* TASK TO COMPLETE
Could you transcribe every record below exactly, leaving out the pictures?

(Stored data entries)
**********
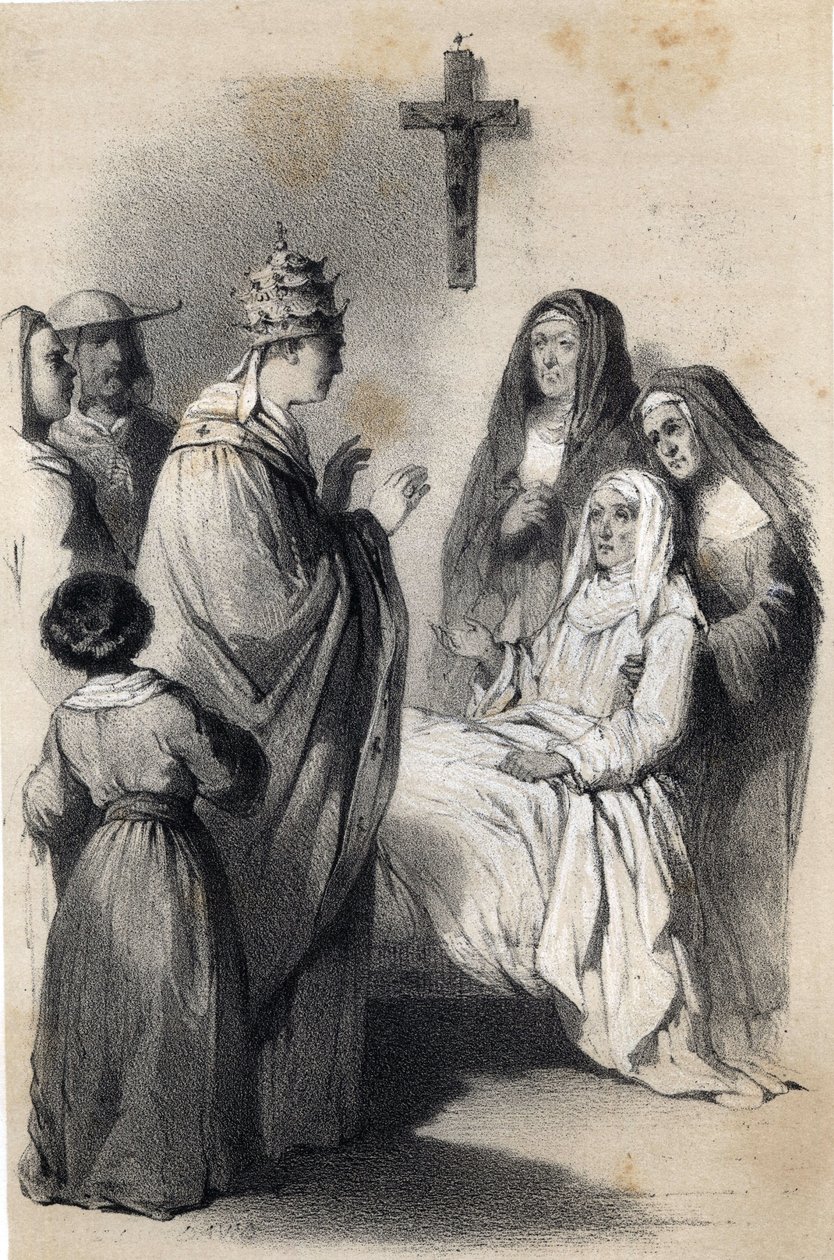 Reprezentacja św. Klary (Chiary) z Asyżu (ok. 1192-1253), założycielki zakonu klarysek w „Wielkich kobietach Europy”. Hrabina Drohojowska z domu Symon of Latreiche. Ilustrujące rysunki Julesa Davida i Raunheima. około 1850 autorstwa Jules and Raunheim Hermann David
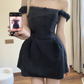 Black A Line Off The Shoulder Satin Short Homecoming Dress 16th Birthday Outfits C4475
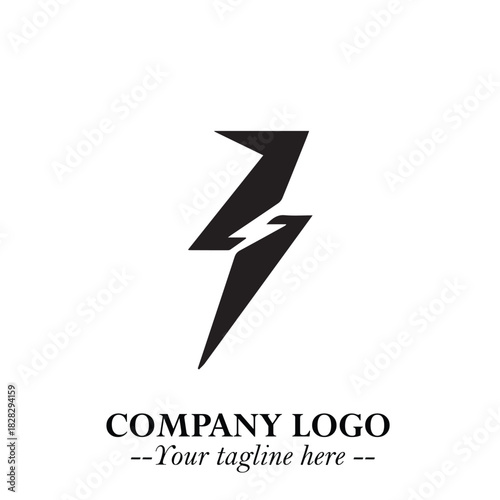 Sleek Electrical Logo Symbol on a Clean White Background for Modern Branding Design Elements Art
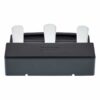 Pédale triple pour clavier numérique avec base noire et leviers argentés, vue de face, idéale pour contrôles avancés.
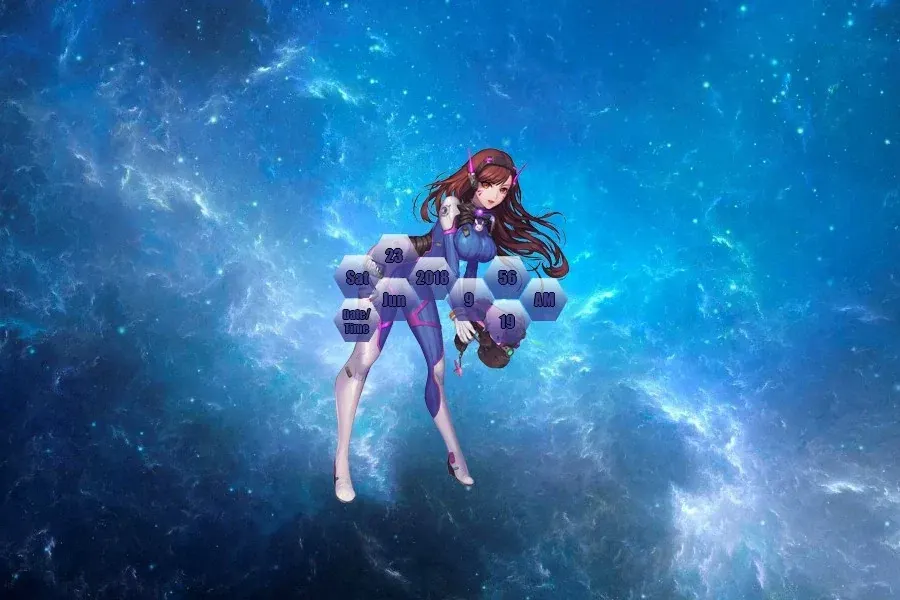 Source preview of D.Va Rainmeter Skin credited to Kaza-SOU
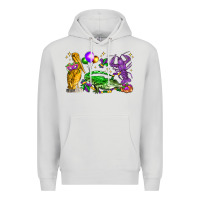 Dove Grey mardi gras pelican alligator and crawfish Premium Hoodie - LillyAllenDesigns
**********
* OUTPUT OF THE TASK
 Reprezentacja św. Klary (Chiary) z Asyżu (ok. 1192-1253), założycielki zakonu klarysek w „Wielkich kobietach Europy”. Hrabina Drohojowska z domu Symon of Latreiche. Ilustrujące rysunki Julesa Davida i Raunheima. około 1850 autorstwa Jules and Raunheim Hermann David
 Black A Line Off The Shoulder Satin Short Homecoming Dress 16th Birthday Outfits C4475
 Sleek Electrical Logo Symbol on a Clean White Background for Modern Branding Design Elements Art
 Pédale triple pour clavier numérique avec base noire et leviers argentés, vue de face, idéale pour contrôles avancés.
 Source preview of D.Va Rainmeter Skin credited to Kaza-SOU
 Dove Grey mardi gras pelican alligator and crawfish Premium Hoodie - LillyAllenDesigns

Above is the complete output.